**Activity**: Extract exactly the lines from the top of the records through the line containing "Kodi Nikorima in action for the Dolphins.", and keep pictures out of the copy.

Extracted data entries:
============

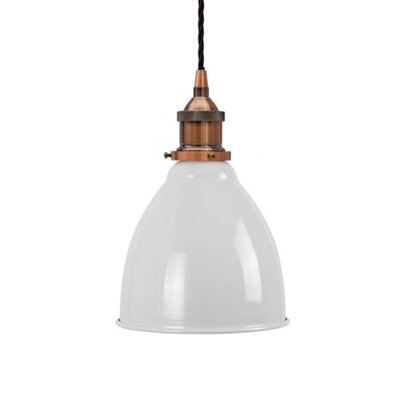 Pale Grey Classic Small Pantry Metal Painted Dome Pendant Light With Antique Copper Lamp Holder And Black Twisted Cable - Se Home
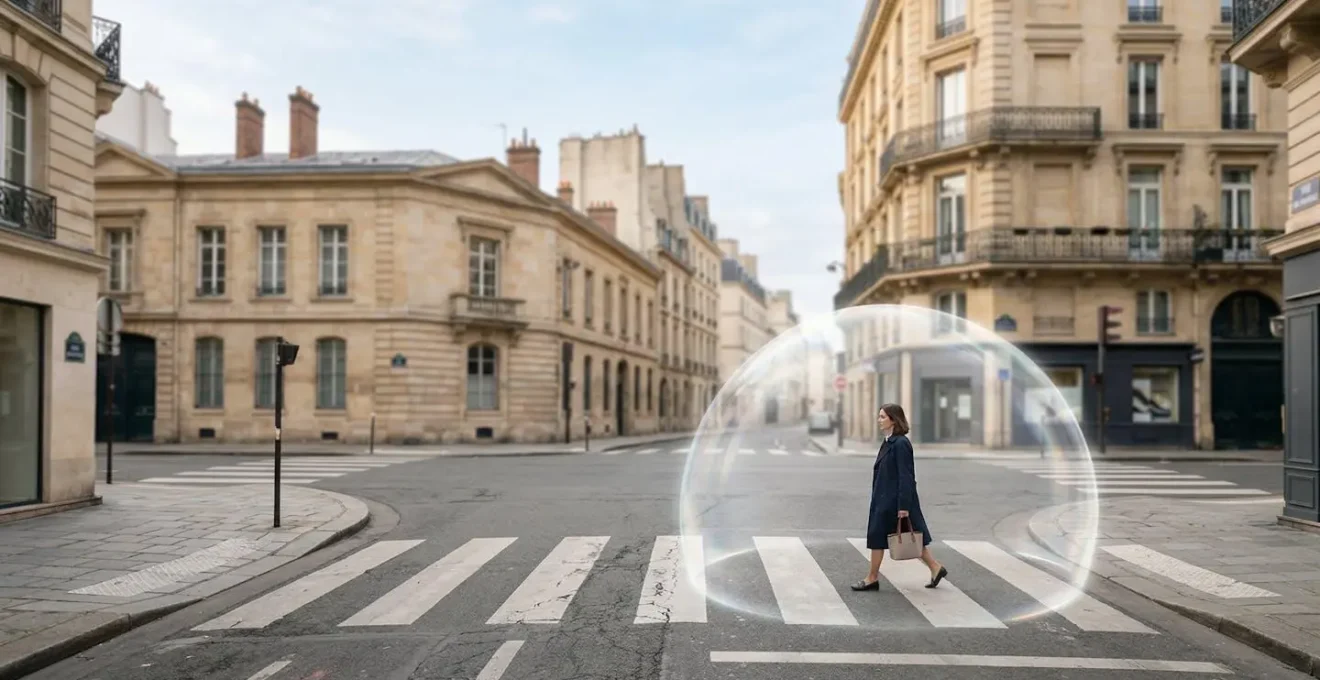 Piéton traversant une rue française protégé par un dôme transparent symbolisant la loi Badinter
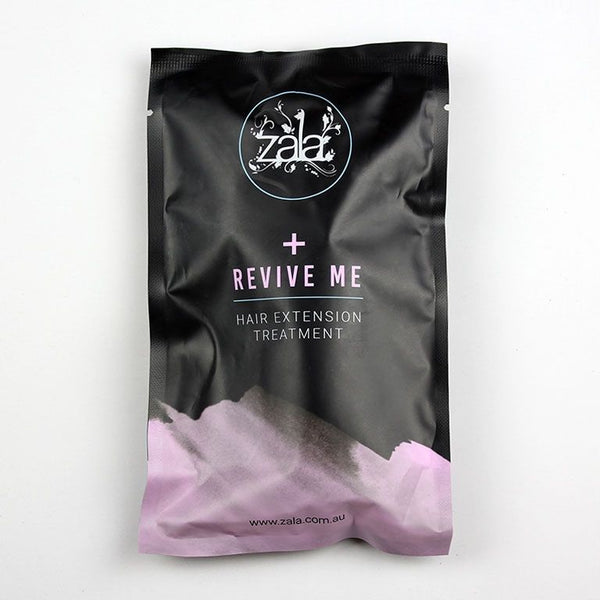 Zala Revive Me hair extension kit is packaged in black and purple bag and displayed, against a white background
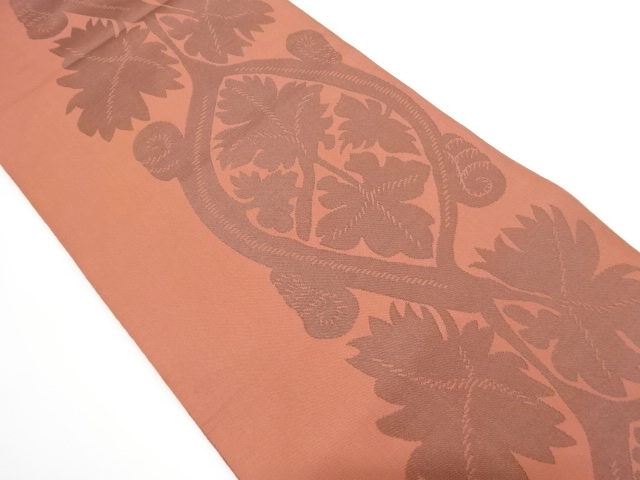 JAPANESE KIMONO / ANTIQUE FUKURO OBI / SILK / WOVEN FLORAL PLANTS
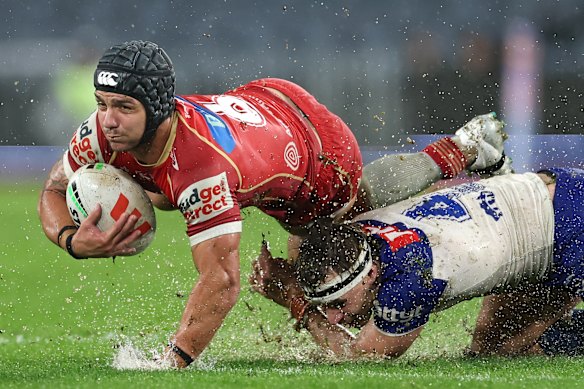 Kodi Nikorima in action for the Dolphins.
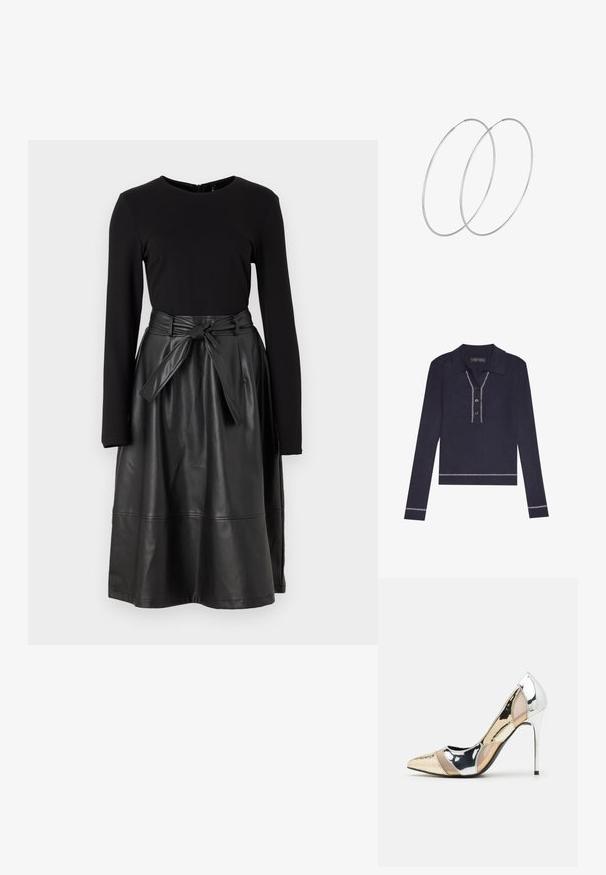 Ribbad långärmad polo i marinblått med krage, treknapplåda och vitt dekorativt stygn vid fåll och ärmslut.; Svart långärmad topp kombinerad med en svart skinnimitation kjol, med en knytning i midjan och en slät, glänsande yta.; Spetsig tå högklackad sko med en färgpalett av silver, guld och nude. Glansig yta med utskärningsdesign, utrustad med en stilettklack.; Silverfärgade hoopörhängen med en minimalistisk design. Cirkulär form, slät yta och tunn profil. Lätta med en polerad finish.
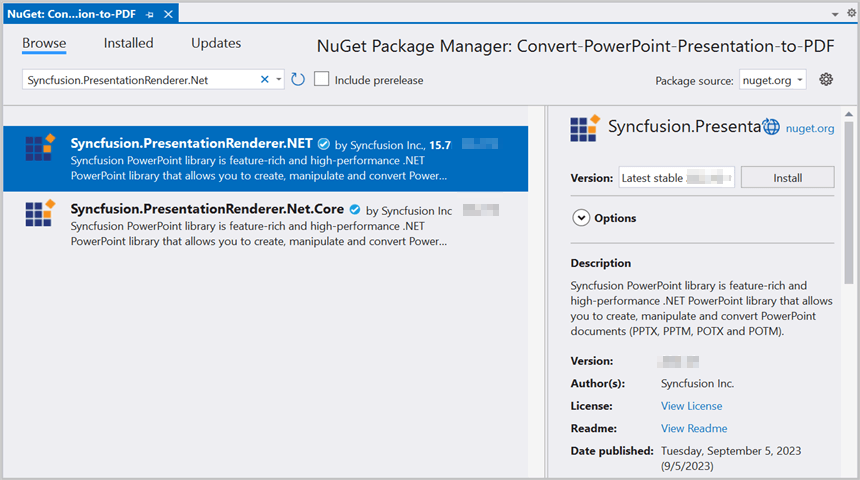 Install Syncfusion.PresentationRenderer.NET NuGet package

============

**Written answer**:
 Pale Grey Classic Small Pantry Metal Painted Dome Pendant Light With Antique Copper Lamp Holder And Black Twisted Cable - Se Home
 Piéton traversant une rue française protégé par un dôme transparent symbolisant la loi Badinter
 Zala Revive Me hair extension kit is packaged in black and purple bag and displayed, against a white background
 JAPANESE KIMONO / ANTIQUE FUKURO OBI / SILK / WOVEN FLORAL PLANTS
 Kodi Nikorima in action for the Dolphins.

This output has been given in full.